Thuiswerken is sinds de coronacrisis steeds populairder geworden. Ook al golden in een groot deel van 2022 geen beperkingen meer, toch lag het aantal afgelegde reizigerskilometers voor woon-werkverkeer 22 procent lager dan voor de crisis. Dat meldde het Centraal Bureau voor de Statistiek (CBS) vorige maand. Op Europees niveau zijn daarom afspraken gemaakt om grensoverschrijdende thuiswerkende werknemers te beschermen tegen nadelen van het werken over de grens.
Maar duurzame afspraken ontbreken nog, schrijven de Euregio Maas-Rijn en het grensinfopunt Aken-Euroode in hun brief. Hun pleidooi wordt naar eigen zeggen gesteund door andere grensregio’s, grensinfopunten en "vele andere actoren op de grensoverschrijdende arbeidsmarkt".

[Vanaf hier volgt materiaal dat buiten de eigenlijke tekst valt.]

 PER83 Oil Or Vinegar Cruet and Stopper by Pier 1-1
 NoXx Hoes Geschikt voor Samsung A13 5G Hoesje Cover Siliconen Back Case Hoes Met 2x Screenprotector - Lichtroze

Volgens de Limburgse grensregio moeten afspraken over belastingen namelijk tussen landen onderling worden gemaakt, om zo dubbele belastingen te voorkomen. "Door het gebrek aan regelingen voor belastingen ontstaat de situatie dat vergelijkbare omstandigheden in verschillende grensregio's tot fundamenteel verschillende belastingen kunnen leiden. Dit verzwakt de positie van werknemers en maakt het werken over de grens minder aantrekkelijk", betoogt de Euregio.